Iron Maiden’s first four albums—Iron Maiden, Killers, The Number of the Beast, and Piece of Mind—have been reissued again. It’s part of a year-long project by Parlophone to recommit the band’s 16 studio albums to CD, four at a time, though availability has never exactly been an issue. These versions don’t add much; they are CD dumps of 2015 vinyl remasters with the original British tracklists. Knowing that hardcore Maiden collectors are legion, the only addition is that The Number of the Beast—the band’s third album and the first featuring dynamo singer Bruce Dickinson—includes a plastic figurine of the iconic Eddie and a patch of, well, the Devil. Cynically, it’s a cash grab. Still, this is the band that harnessed 1980s fear and turmoil in order to shape metal as we know it, and these records deserve any life support a record label wants to give them.
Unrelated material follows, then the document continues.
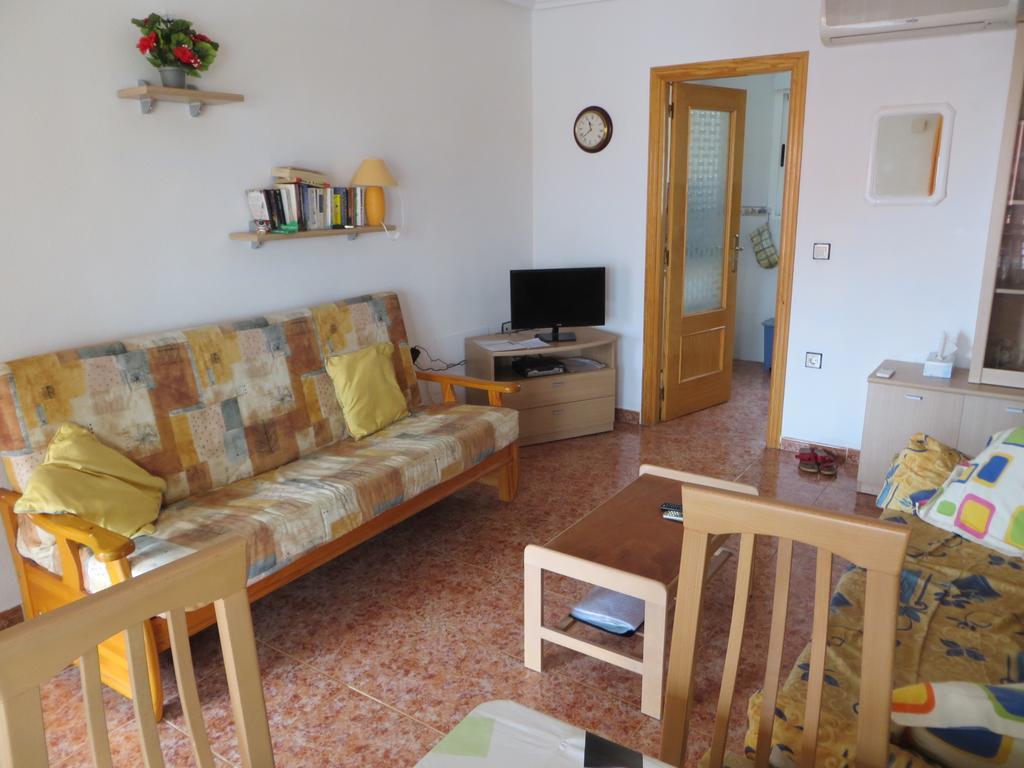 La Herrada Los Montesinos Room photo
These four albums, issued one per year from 1980 to 1983, show a band in constant mutation: Melodies get stronger. Arrangements get more intricate. Dickinson replaces the scrappy upstart Paul Di’Anno, pushing the band to the next level of power and popularity. These records are not flawed but certainly developmental, battles won and occasionally lost on the journey to supremacy. Beast and Piece of Mind are redoubtable metal classics; still, even if it’s hard to consider “Run to the Hills” and “The Trooper” pieces of a work in progress, they are points along Maiden’s path to becoming the global behemoth that made 1984’s Powerslave, their landmark fifth album. And watching Maiden develop was watching metal develop, shaking off the haze of 1970s boogie and speeding up its attack while borrowing from the harder side of progressive rock. If Sabbath birthed metal, Maiden looks and oftentimes sounds more like metal’s stereotypical boogeyman.
Maiden arose from the New Wave of British Heavy Metal (NWOBHM) scene at the dawn of the ’80s, though they’re so foundational to metal they’re often not talked about in that way. You link Maiden with Sabbath and Judas Priest, not Tygers of Pan Tang and Satan. The distance is evident from the jump on their self-titled debut, brimming with hooks and attitude. “Running Free” is the first archetypal song from a band with several of them, as they doggedly pursue some ambiguous form of “freedom.” It barely matters what freedom is, though, as Di’Anno convincingly sells the idea that going blind into the future is the only way during the gutsy chorus. “Prowler” succeeds on self-assurance, too. It’s unclear on Maiden’s first two records if Di’Anno is an untethered beast or a weird stalker (probably the latter), but he gives Maiden’s crisp melodies an energy that would remain a calling card.